— WHAT THE TASK ASKS —
A precise copy of the data is required, with every picture left out.

Items from a data source

⟨

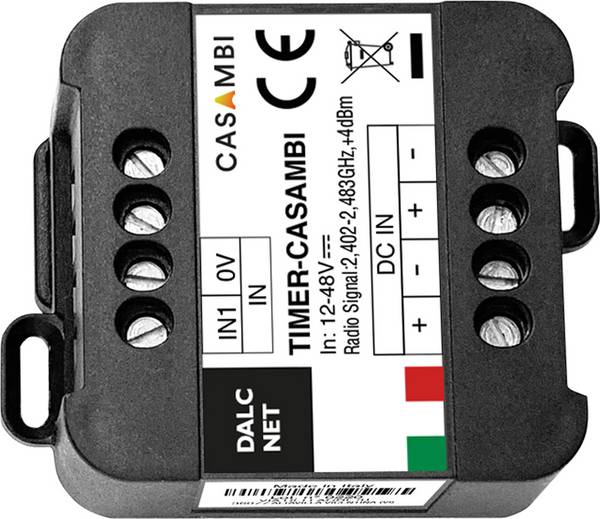Dalcnet  TIMER-CASAMBI brojač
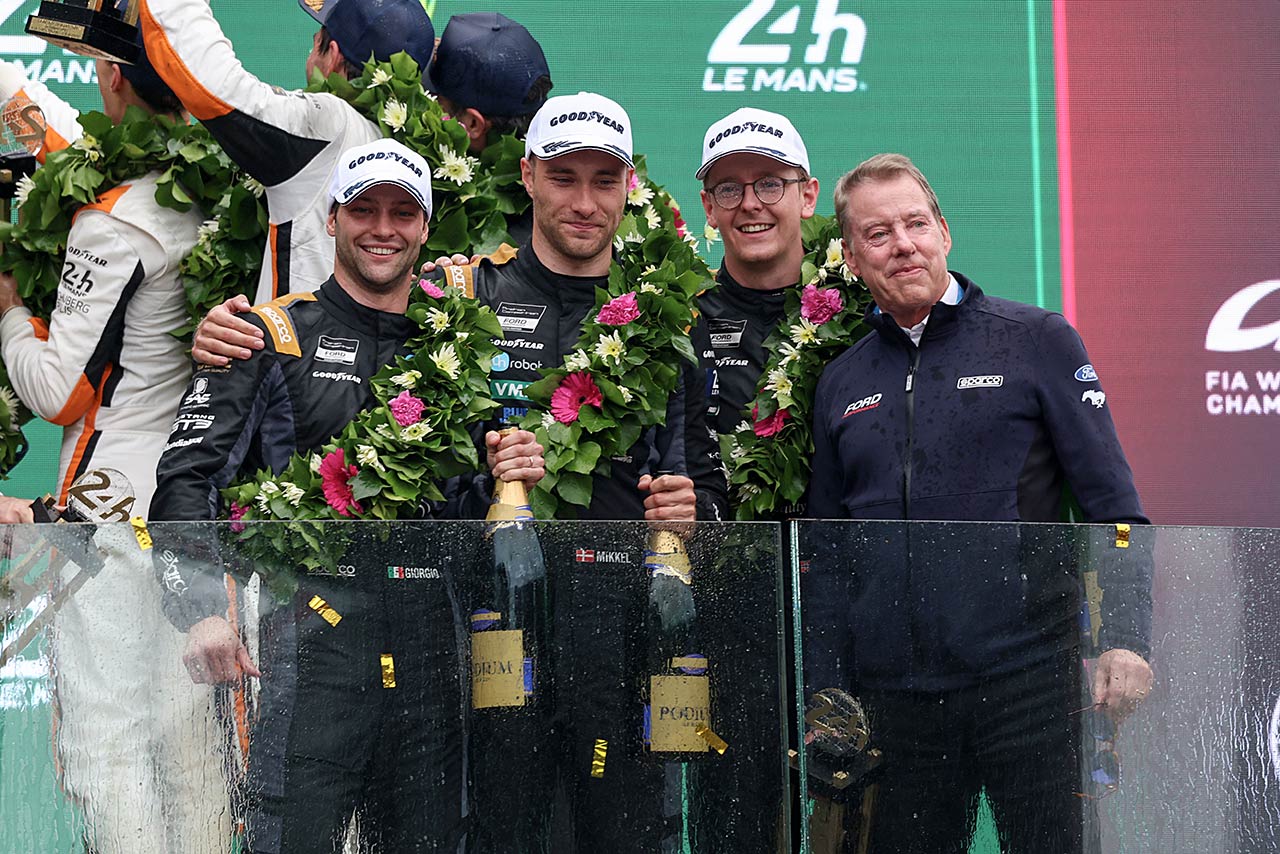 2024ル・マン24時間
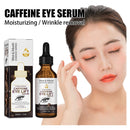 Skin Care Eye Serum Vitamin C Reduce Puffiness Dark Circles Fine Lines Skin Care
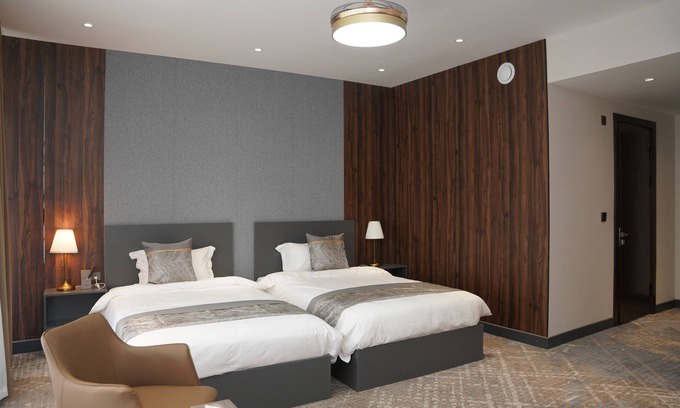 Ulaanbaatar Complejo | Premium Bolor Resort Terelj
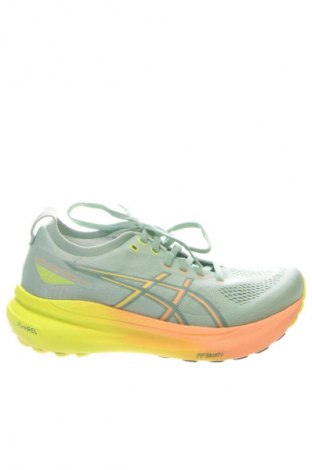 Dámske topánky  ASICS, Veľkosť 40, Farba Zelená, Cena  119,95 €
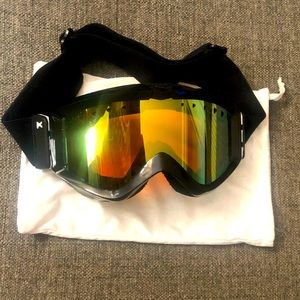 ANON Helix ski goggles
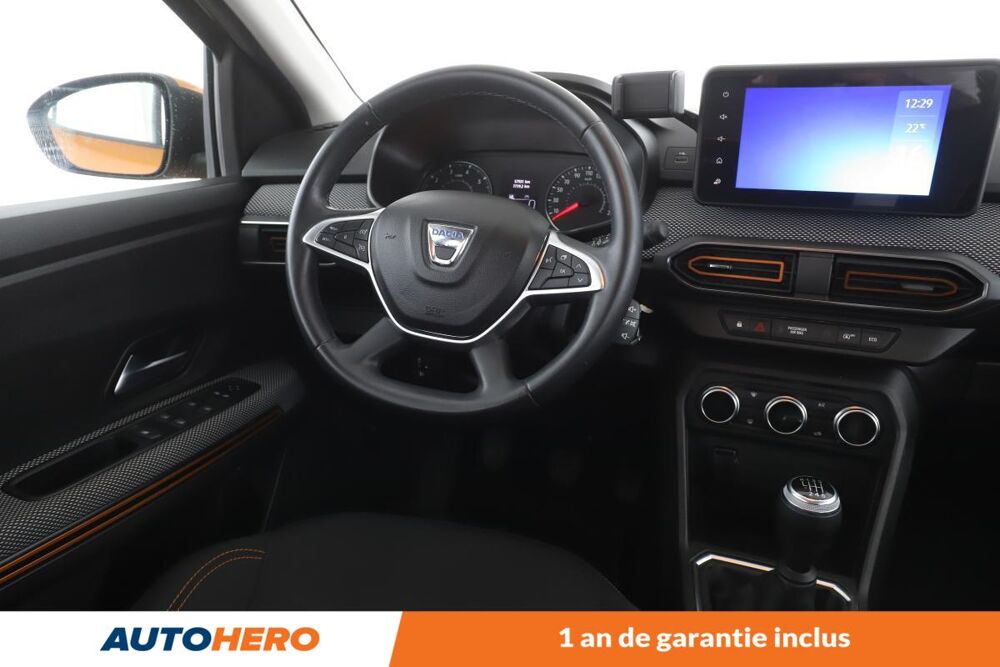 Sandero Stepway 1.0 TCe Confort 91 ch 2022 occasion 92130 Issy-les-Moulineaux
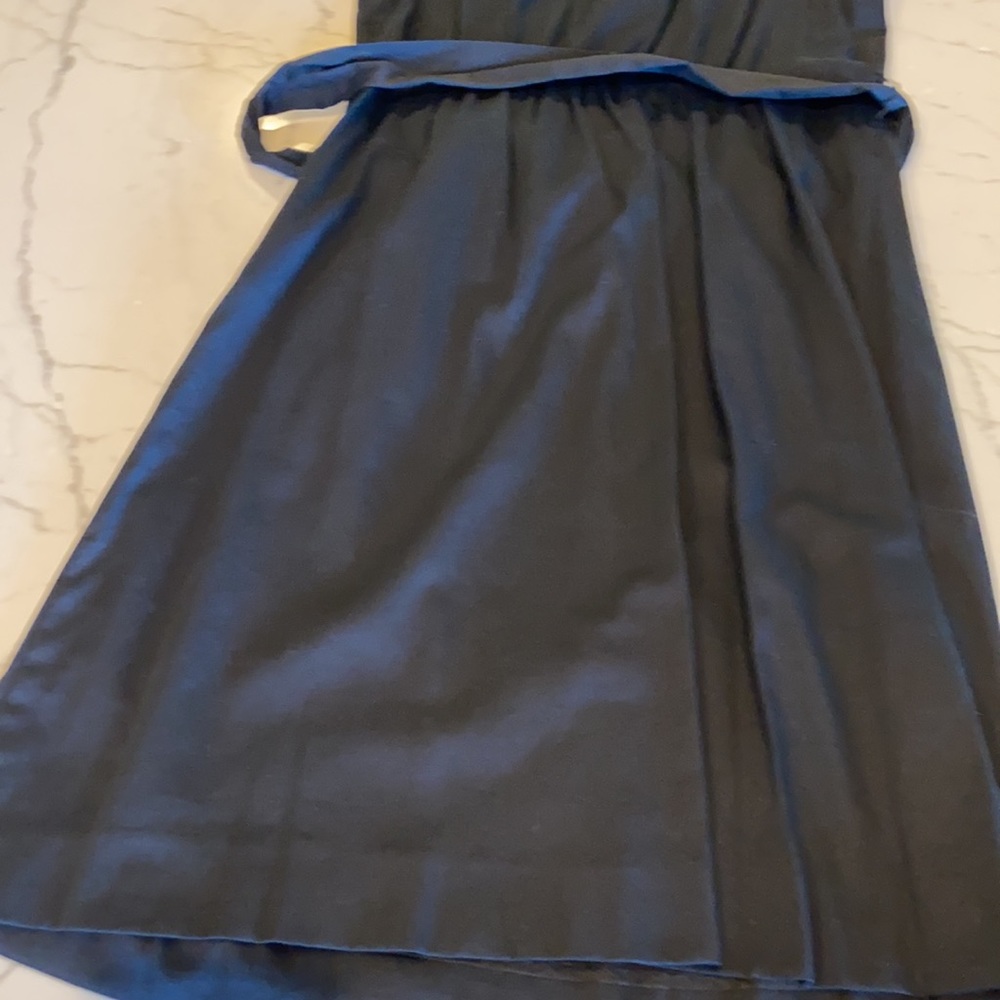 Black Sleeveless Dress Size 2 - Picture 6 of 6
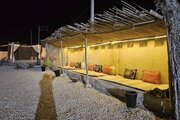 اتاق رویا در بومگردی تورگان قشم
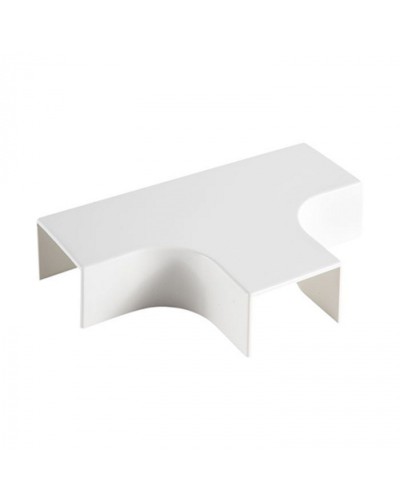 Угол 25х25мм Т-образный плавный ст.TIA, огнестойкость E110 (4шт) 1кор.=200шт. Экопласт в Орле Аксессуары для кабель-канала Pintop.ru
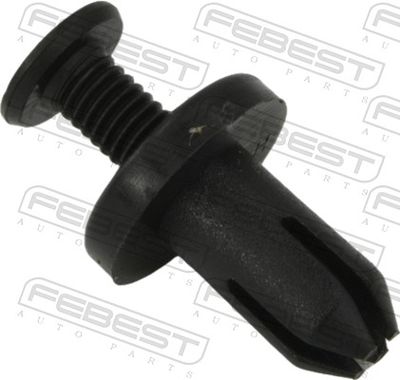 Clip, trim/protection strip FEBEST 88570-078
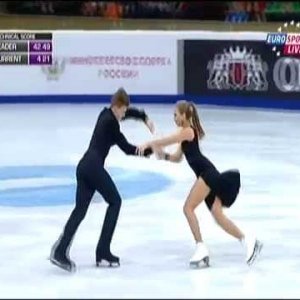 Victoria Sinitsina & Nikita Katsalapov - 2014 Rostelecom - FD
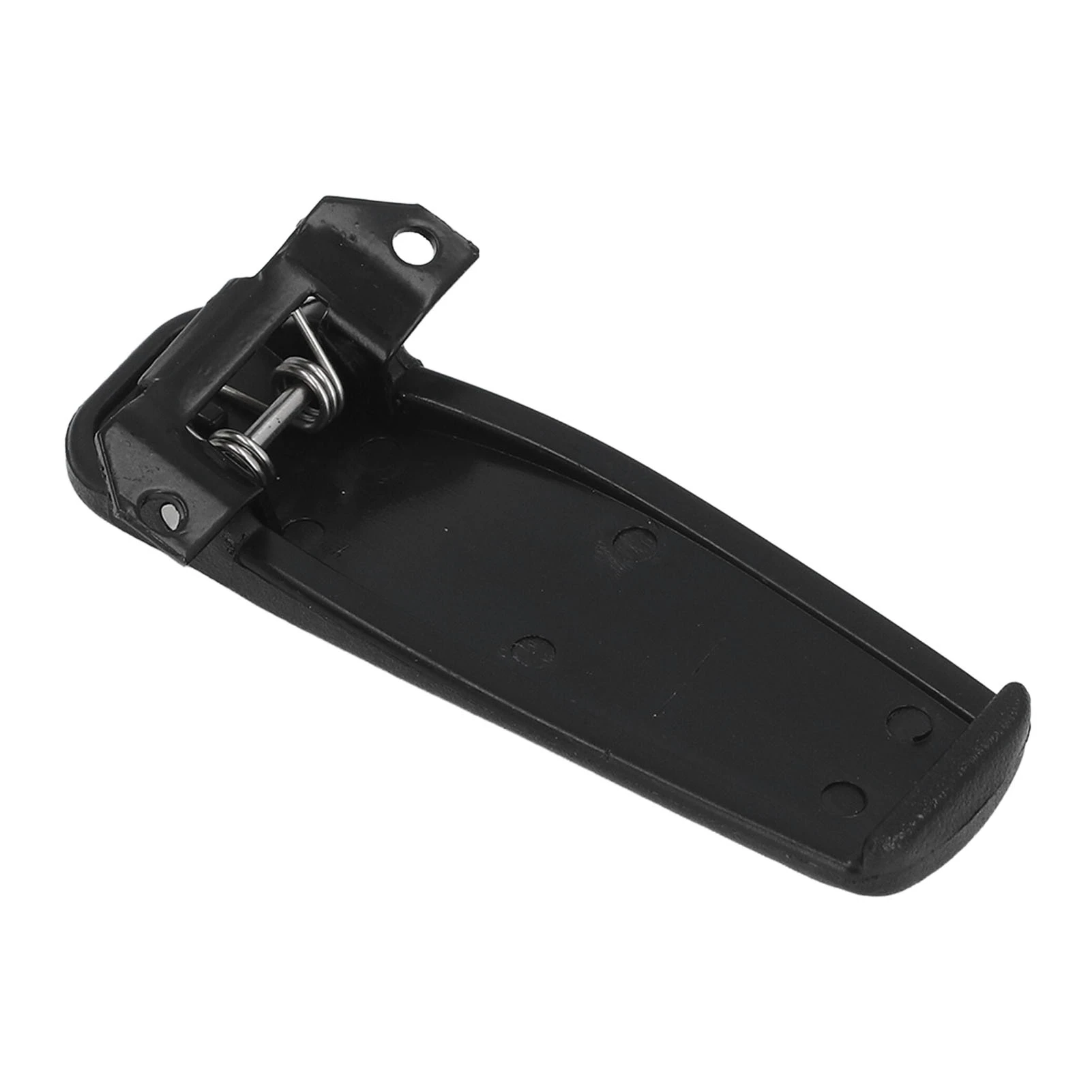 6pcs 2 Way Radio Belt Clip Professional Radio Waist Clip Replacement Compatible For Hytera TC 320 2 Way Radio Accessories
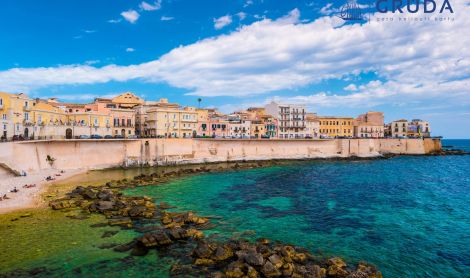 Sicilija. Sirakūzai.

⟩

— OUTPUT BELOW —
Dalcnet  TIMER-CASAMBI brojač
 2024ル・マン24時間
 Skin Care Eye Serum Vitamin C Reduce Puffiness Dark Circles Fine Lines Skin Care
 Ulaanbaatar Complejo | Premium Bolor Resort Terelj
 Dámske topánky  ASICS, Veľkosť 40, Farba Zelená, Cena  119,95 €
 ANON Helix ski goggles
 Sandero Stepway 1.0 TCe Confort 91 ch 2022 occasion 92130 Issy-les-Moulineaux
 Black Sleeveless Dress Size 2 - Picture 6 of 6
 اتاق رویا در بومگردی تورگان قشم
 Угол 25х25мм Т-образный плавный ст.TIA, огнестойкость E110 (4шт) 1кор.=200шт. Экопласт в Орле Аксессуары для кабель-канала Pintop.ru
 Clip, trim/protection strip FEBEST 88570-078
 Victoria Sinitsina & Nikita Katsalapov - 2014 Rostelecom - FD
 6pcs 2 Way Radio Belt Clip Professional Radio Waist Clip Replacement Compatible For Hytera TC 320 2 Way Radio Accessories
 Sicilija. Sirakūzai.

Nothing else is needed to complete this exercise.